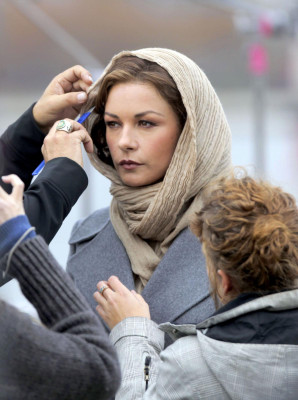photo 15 in Catherine Zeta Jones gallery [id599871] 2013-05-04 00:00:00
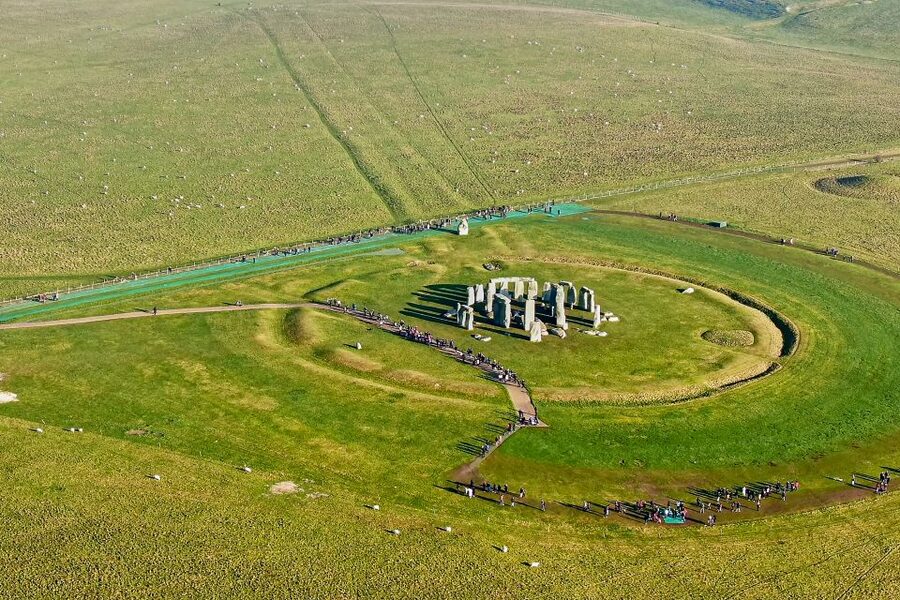 From London: Stonehenge Morning Day Trip with Admission - Meeting in South Kensington without a wrong turn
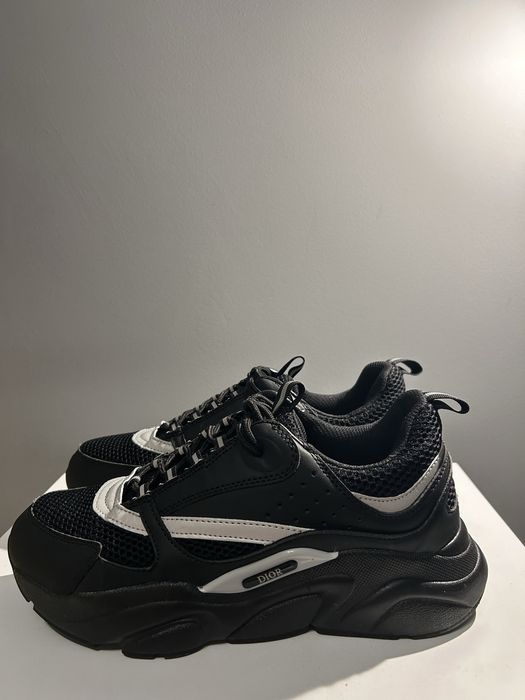 Dior B22 - reflective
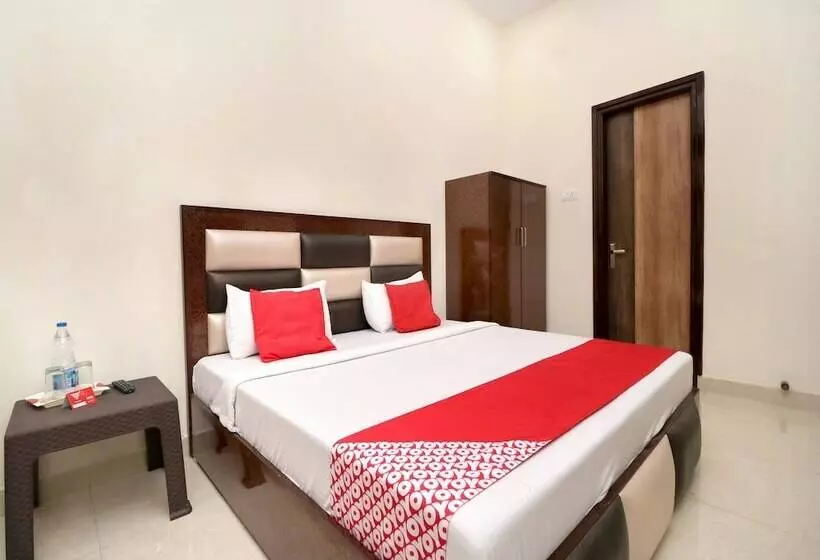 Fotos del hotel Oyo 16494 Dhunna Guest House:  9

Instructions to follow:
Once the pictures are set aside, give the rest of the listing again exactly.

Response area:
photo 15 in Catherine Zeta Jones gallery [id599871] 2013-05-04 00:00:00
 From London: Stonehenge Morning Day Trip with Admission - Meeting in South Kensington without a wrong turn
 Dior B22 - reflective
 Fotos del hotel Oyo 16494 Dhunna Guest House:  9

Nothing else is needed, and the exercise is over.